In 1960 Sovinka returned to Nigeria to launch his own company, 1960 Masks, serving as writer, director and actor. In 1964 he formed the Orisun Theatre Company and around the same time also began writing political commentary. In 1967, during the Nigerian Civil War, he proposed a cease-fire with Biafran rebels — a proposal that led to his imprisonment by the government of General Yakubu Gowon. Sovinka spent much of the next two years in solitary confinement, an experience he later chronicled in Poems From Prison (1969) and the autobiographical novel The Man Died (1972).

Following his release, Sovinka passed several years in voluntary exile but returned to Nigeria in 1975 as a professor of English at the University of Ife. He soon emerged as one of Africa’s most prominent and prolific literary voices and in 1986 he became the first black African to receive the Nobel Prize for literature. However in 1993 he was again forced into exile, by the military regime of General Sani Abacha, though he was able to return following Abacha’s death in 1998.

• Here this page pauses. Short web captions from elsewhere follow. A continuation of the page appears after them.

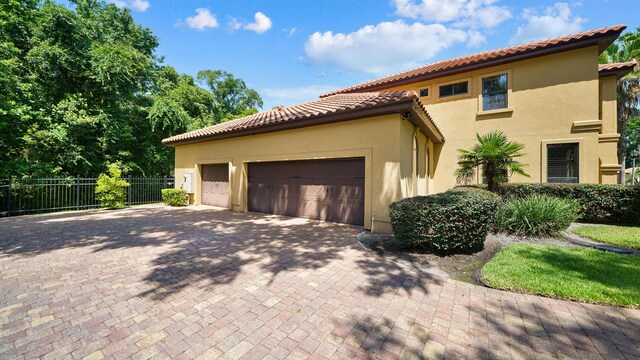 84 Villa Sovana Ct, Saint Johns, FL 32259 - view of property exterior featuring stucco siding, a tiled roof, an attached garage, and driveway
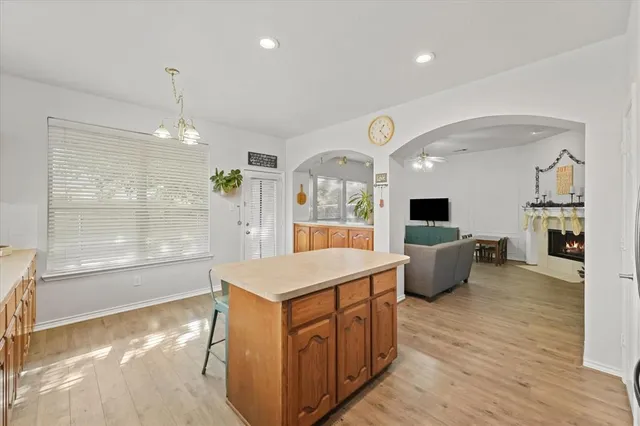 a living room with furniture a flat screen tv and a large window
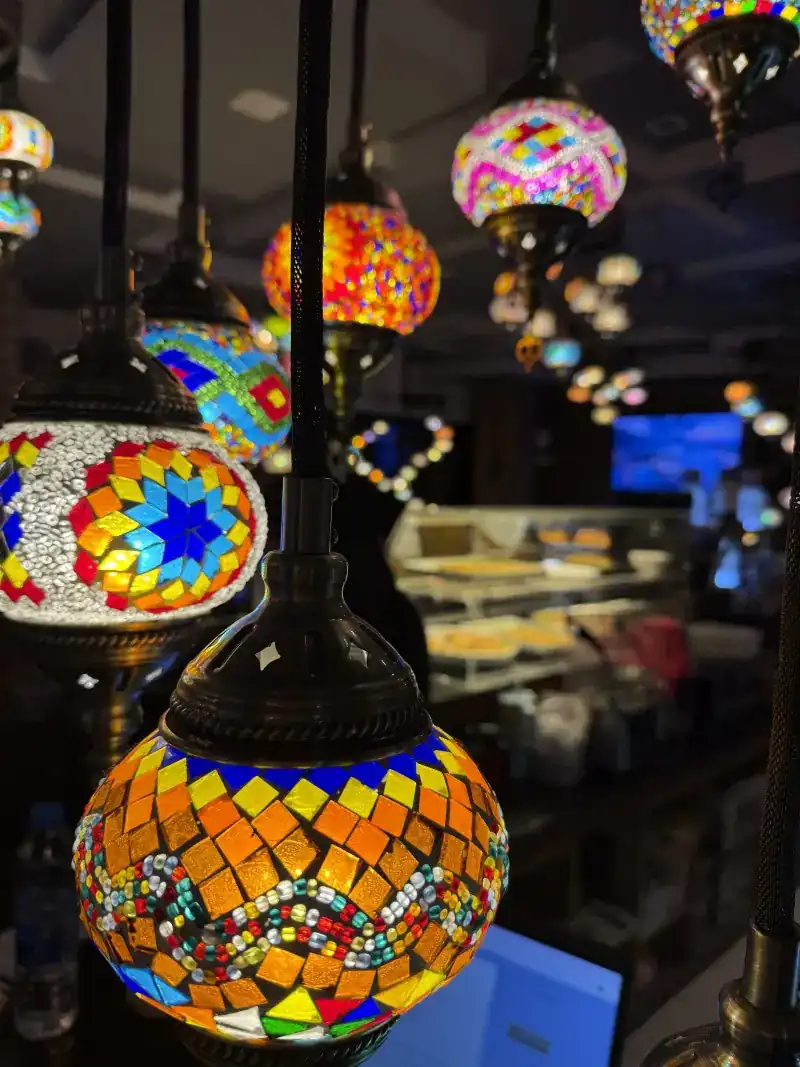Turkish mosaic glass lamps glowing in the dining room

Sovinka currently divides his time between Nigeria and the United States.

Calendar Summary

WHO: Washington University’s Performing Arts Department

WHAT: The Lion and the Jewel by Wole Soyinka; directed by Ron Himes

WHEN: 8 p.m. Friday and Saturday, April 18 and 19; 2 p.m. Sunday, April 20; 8 p.m. Friday and Saturday, April 25 and 26; 2 p.m. Sunday, April 27

WHERE: Edison Theatre, located in the Mallinckrodt Student Center, 6445 Forsyth Blvd.